Data for review:
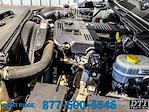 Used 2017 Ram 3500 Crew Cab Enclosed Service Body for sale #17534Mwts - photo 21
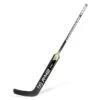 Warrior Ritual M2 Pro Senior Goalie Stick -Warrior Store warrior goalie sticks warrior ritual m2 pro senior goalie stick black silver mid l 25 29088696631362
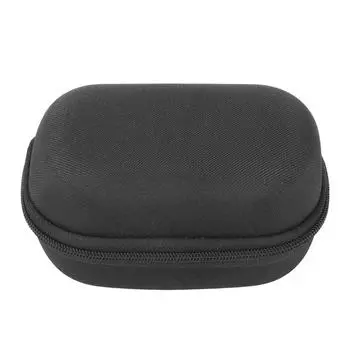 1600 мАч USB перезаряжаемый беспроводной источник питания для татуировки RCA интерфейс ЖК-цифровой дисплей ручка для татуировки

==

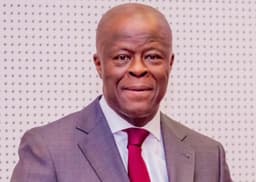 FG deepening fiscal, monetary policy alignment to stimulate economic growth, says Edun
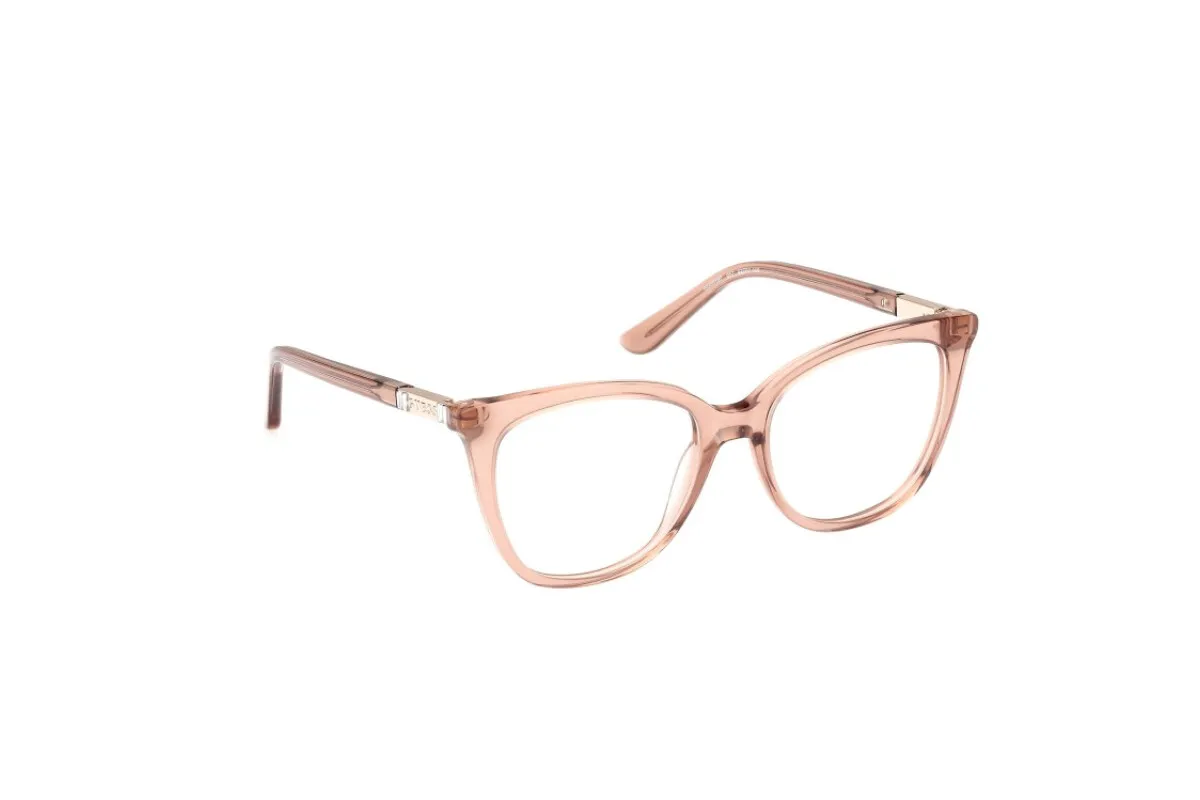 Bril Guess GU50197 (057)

--

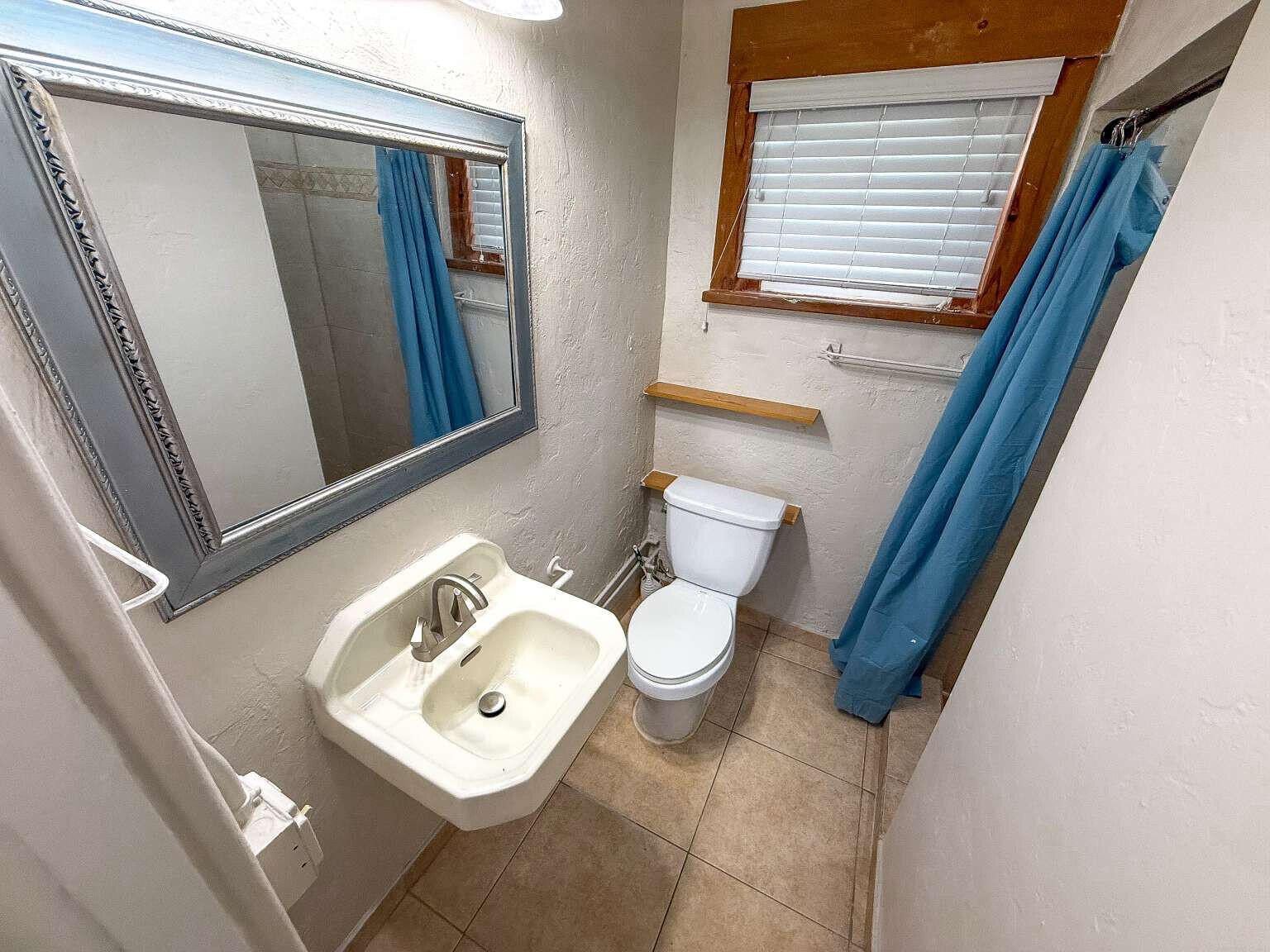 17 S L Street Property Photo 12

Work to complete: Among the records above, locate the line containing "Used 2017 Ram" and the line containing "1600 мАч USB", then transcribe exactly the lines starting at the first and ending at the second, with no pictures.

Output for this exercise:
 Used 2017 Ram 3500 Crew Cab Enclosed Service Body for sale #17534Mwts - photo 21
 Warrior Ritual M2 Pro Senior Goalie Stick -Warrior Store warrior goalie sticks warrior ritual m2 pro senior goalie stick black silver mid l 25 29088696631362
 1600 мАч USB перезаряжаемый беспроводной источник питания для татуировки RCA интерфейс ЖК-цифровой дисплей ручка для татуировки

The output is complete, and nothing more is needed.